WHAT TO WORK ON:
Your answer must be an exact transcription of the data, with every picture omitted.

INFORMATION SHOWN:
--- --- ---

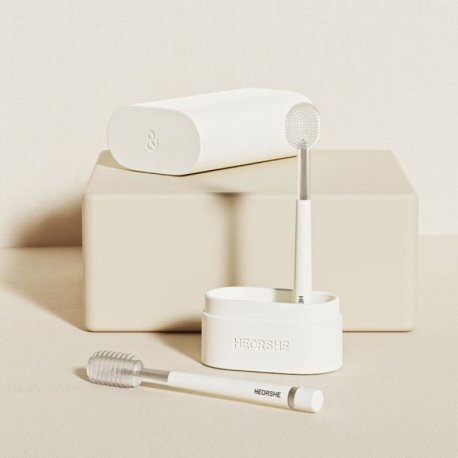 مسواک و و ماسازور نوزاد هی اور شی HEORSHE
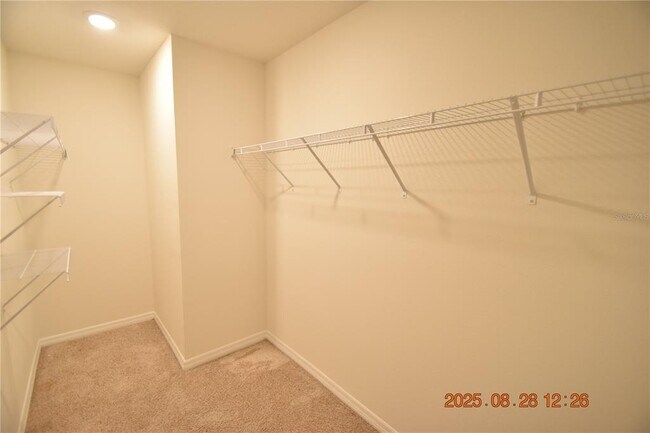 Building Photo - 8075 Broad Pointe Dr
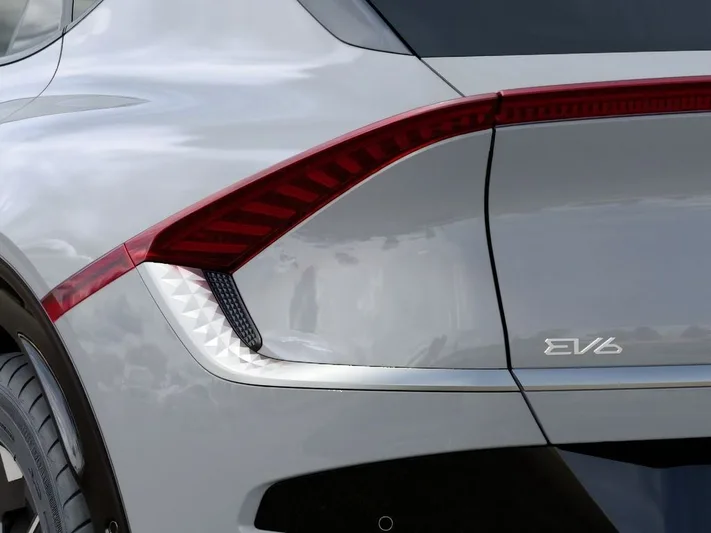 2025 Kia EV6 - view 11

--- --- ---

RESPONSE:
 مسواک و و ماسازور نوزاد هی اور شی HEORSHE
 Building Photo - 8075 Broad Pointe Dr
 2025 Kia EV6 - view 11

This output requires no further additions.